Conferences are a great place to hobnob with other writers and to learn what they are doing to help themselves obtain an agent or sell their work to publishing houses. As nonfiction writers, networking with other nonfiction writers who are building their platforms can help us find places to speak and think of unique ways to make ourselves known in our own marketplaces.
Conference usually feature expert speakers who offer advice on building platforms, promoting our books, self-publishing, writing query letters and proposals, gaining Internet exposure, building readership, getting an agent, approaching a publishing house, pitching our work, writing for publications, and much more. In addition, many of the sessions are led by agents and editors at publishing houses, so you get to hear from publishing professionals first hand.
In addition, at conferences you get the chance to meet agents and publisher face to face. Many conferences feature sessions during which you can pitch your book idea directly to agents and editors. For instance, at the San Francisco Writers Conference, every year I have participated in their “Speed Dating for Agents” session.
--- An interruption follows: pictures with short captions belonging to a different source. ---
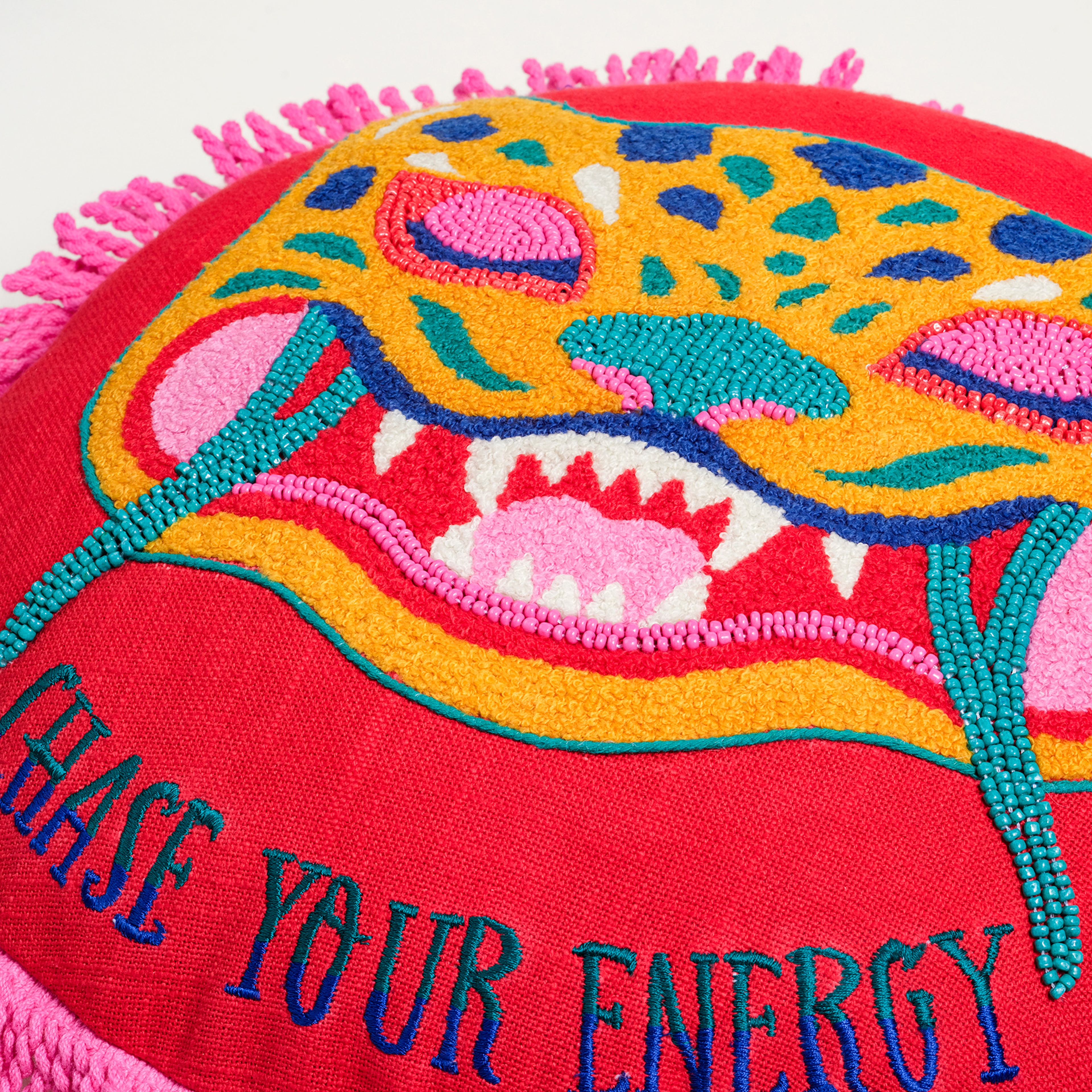 Ghunı Saçaklı Nakışlı Pamuk Dolgulu Kırlent 40 Cm Kırmızı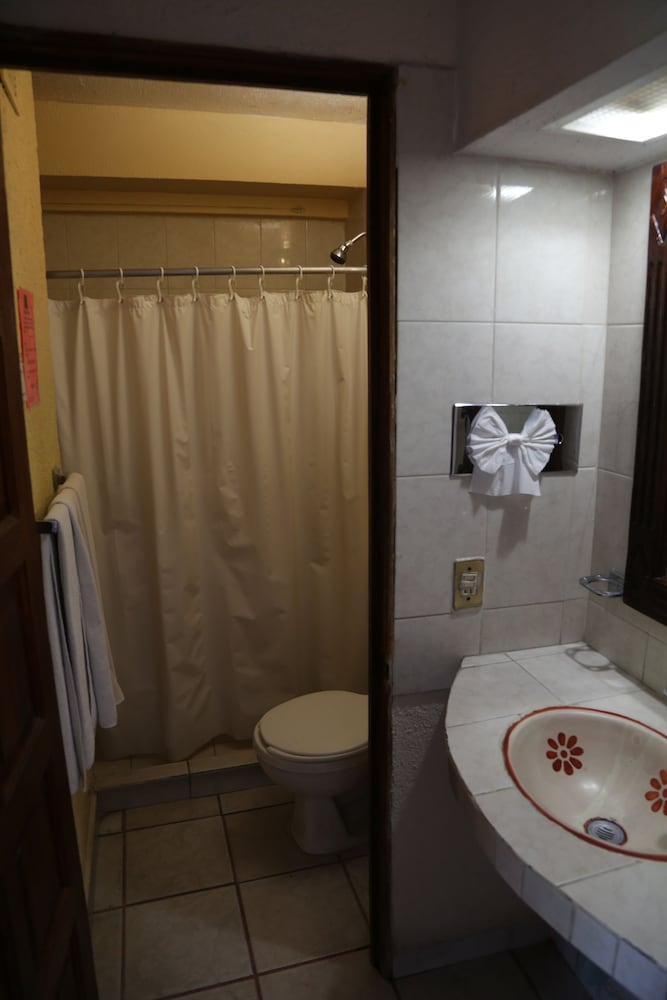 hotel hacienda maria eugenia acapulco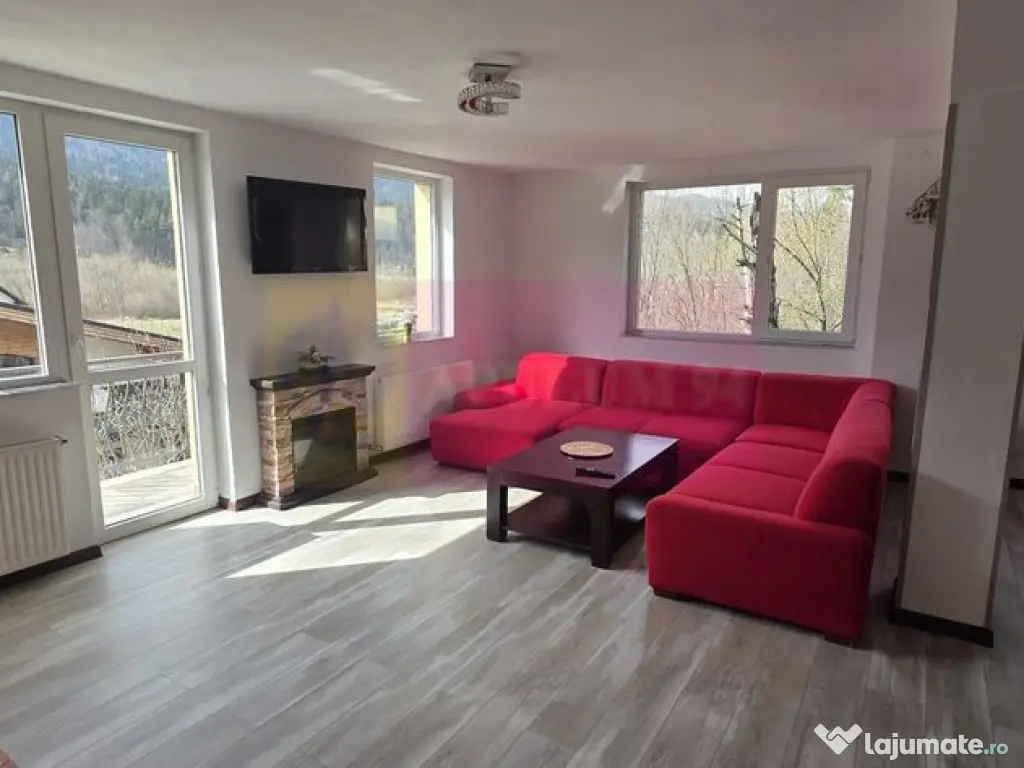 Vila de vânzare cu 8 camere și garj in Busteni 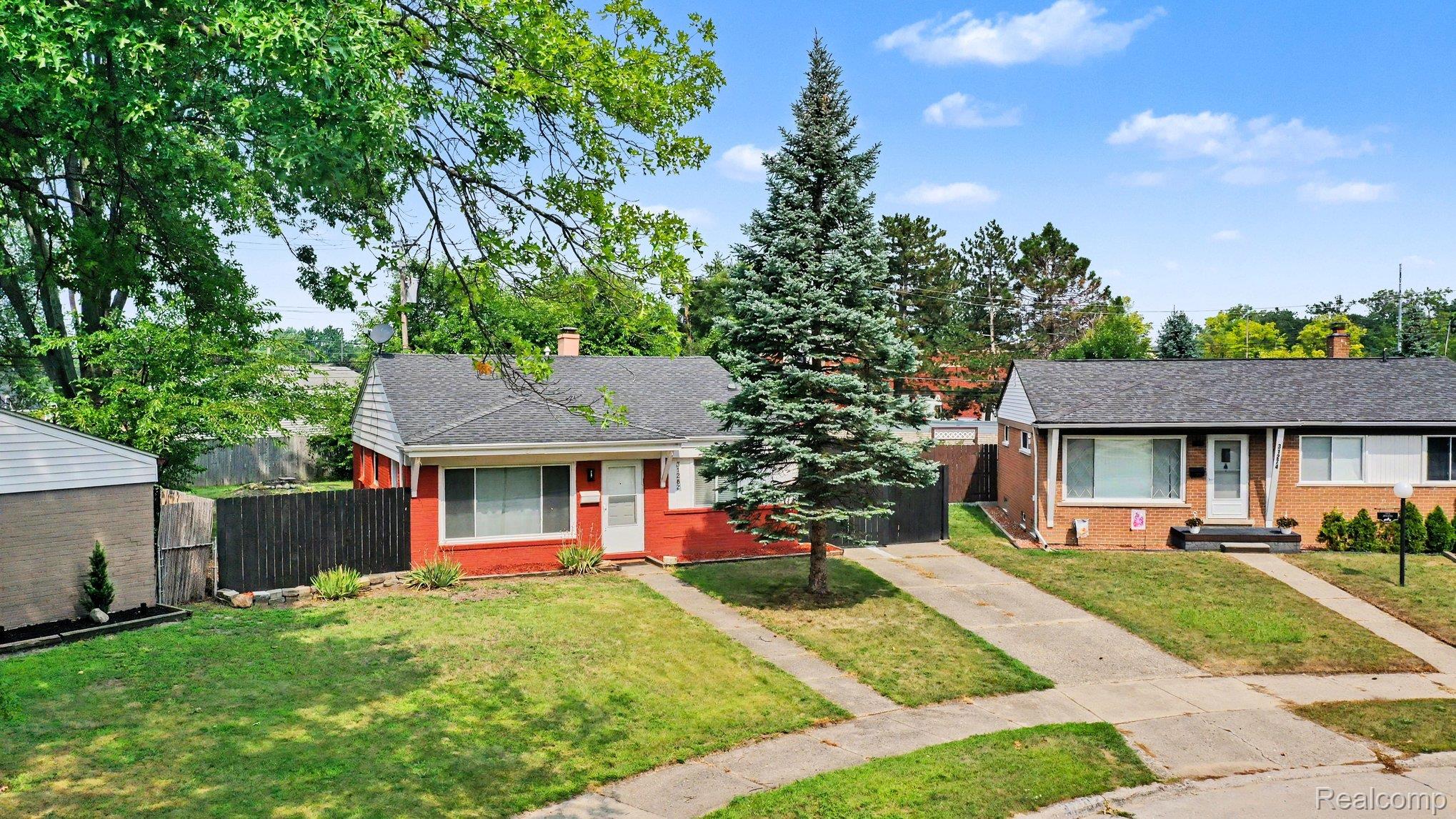 31282 Fernwood Street Property Photo 2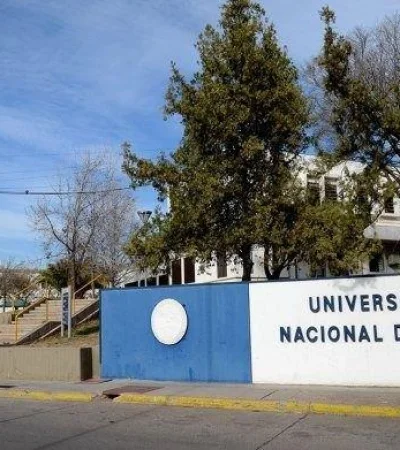universidad-de-cuyo-mendoza-paro-docentes-conadu-historica-marzo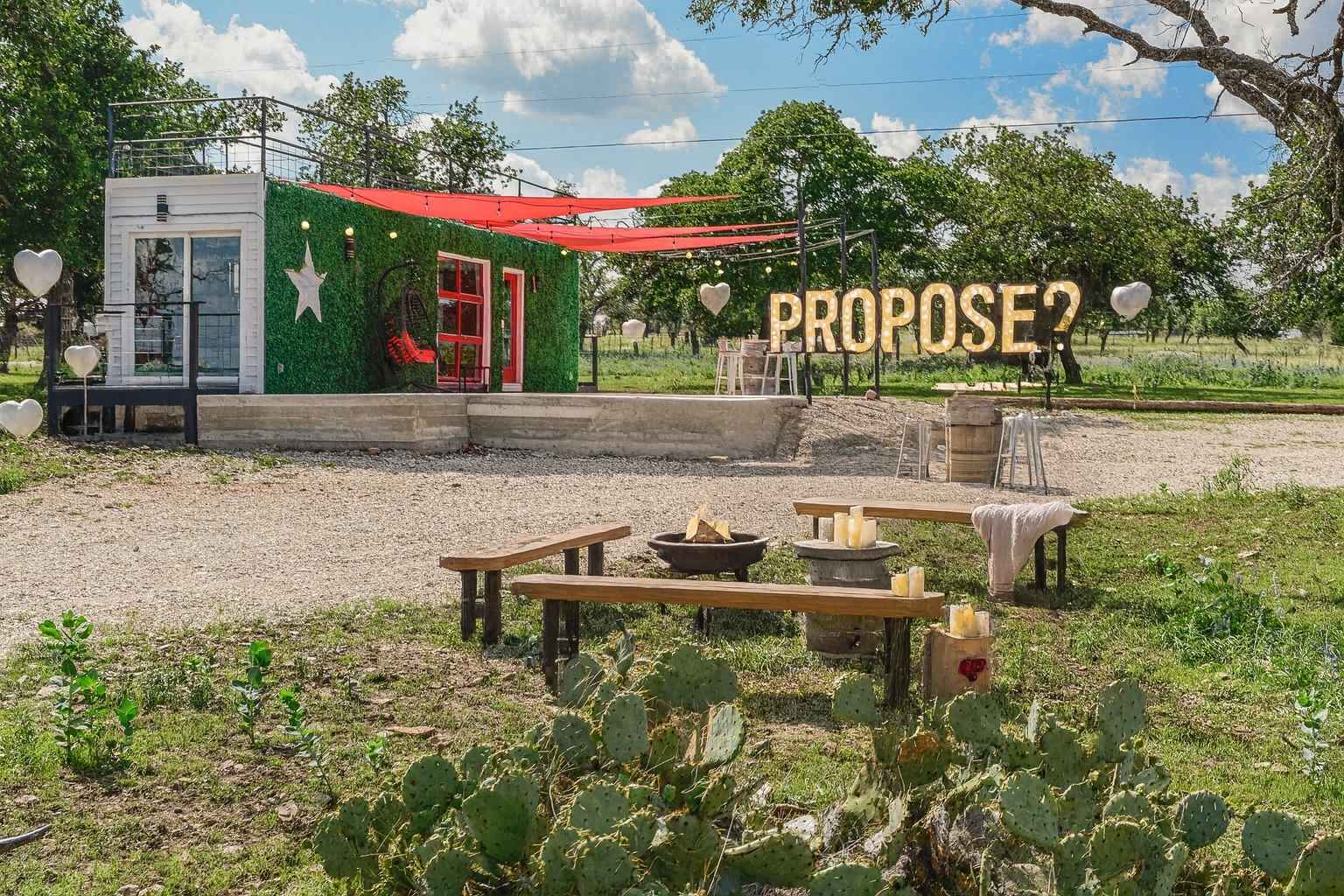 Best Airbnb To Stay At For Proposals In Fredericksburg Texas Best Hotels to Stay at for Proposals in Fredericksburg Texas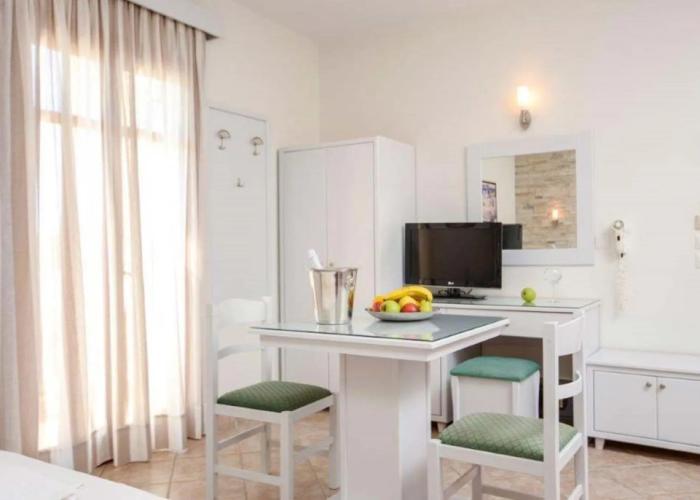 Plaka Hotel I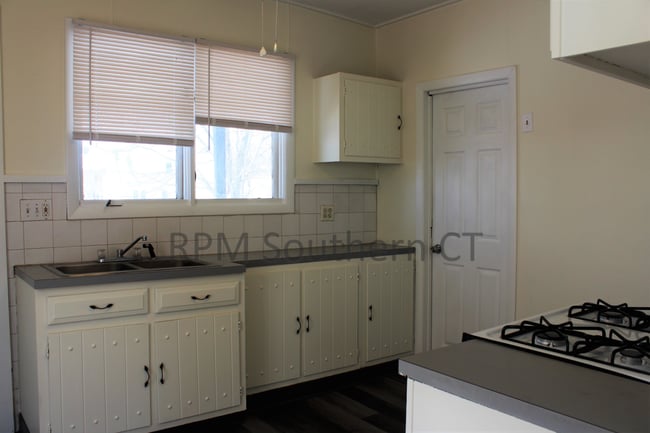 Building Photo - 1st Floor – West Haven – Fabulous Location
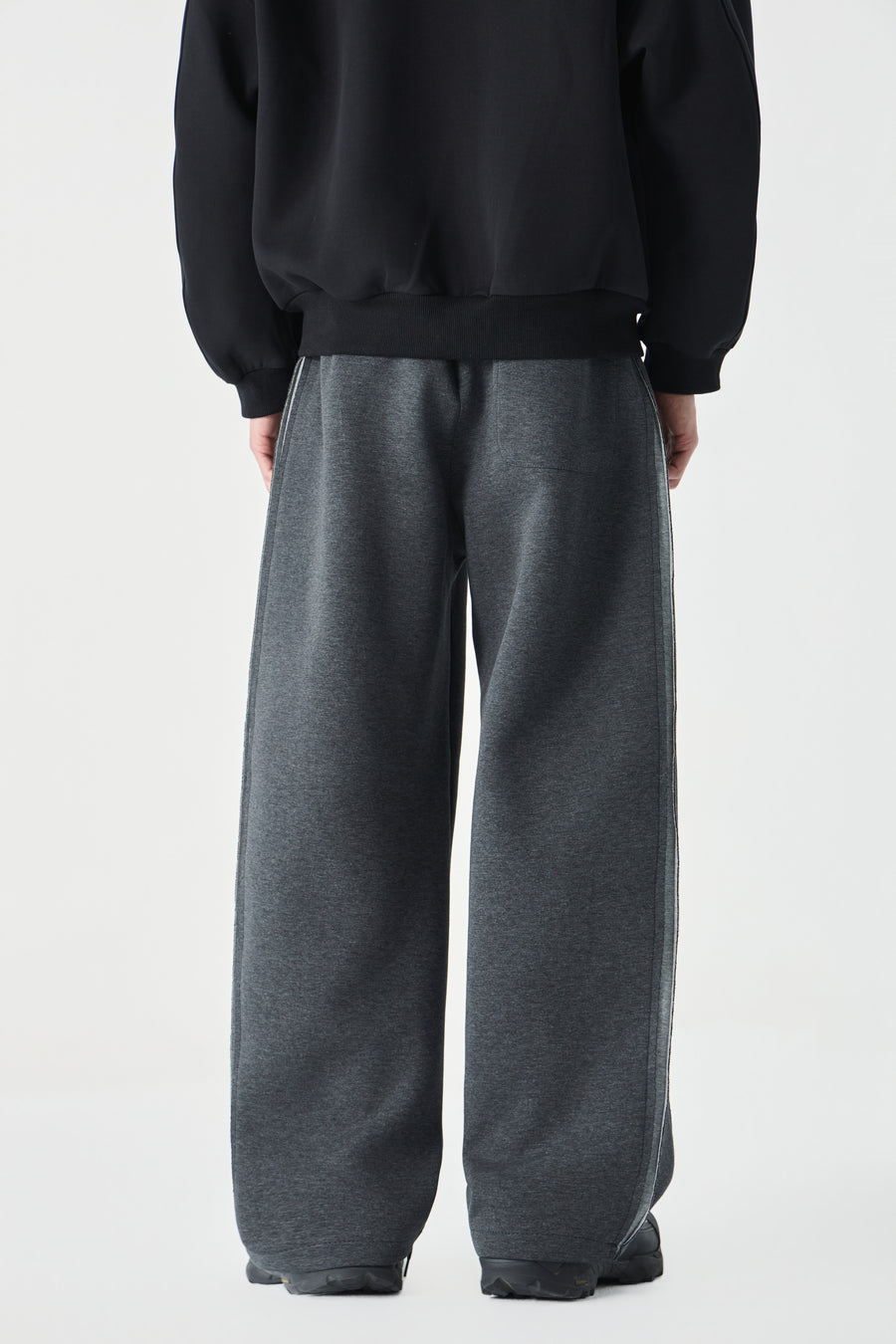 Noir Pillar Sweatpants View 10 | Weezy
I get three minutes to pitch an agent before moving on to another. Some years I’ve pitched to as many as 10 agents! The interested agents give me their contact information, and I then follow up with a proposal. Also, I can send them the requested information an envelope that indicates that they did, indeed, request it, which means my work doesn’t disappear into a slush pile. It may get read sooner; thus, I may get a reply sooner. In addition, the conference normally provides attendees with contact information for all the agents and editors participating in the conference, so you can pitch to them by query letter and at least mention that you were at the conference.
Then, of course, you might have the opportunity to talk to an agent or editor in the bar or in the lobby of the hotel where the conference is being held. Or you might meet another writer who gives you a lead on the perfect publisher for your book.
You just never know what will happen at a writers conference, but I can assure you that whatever happens it will be good and it will further your writing career.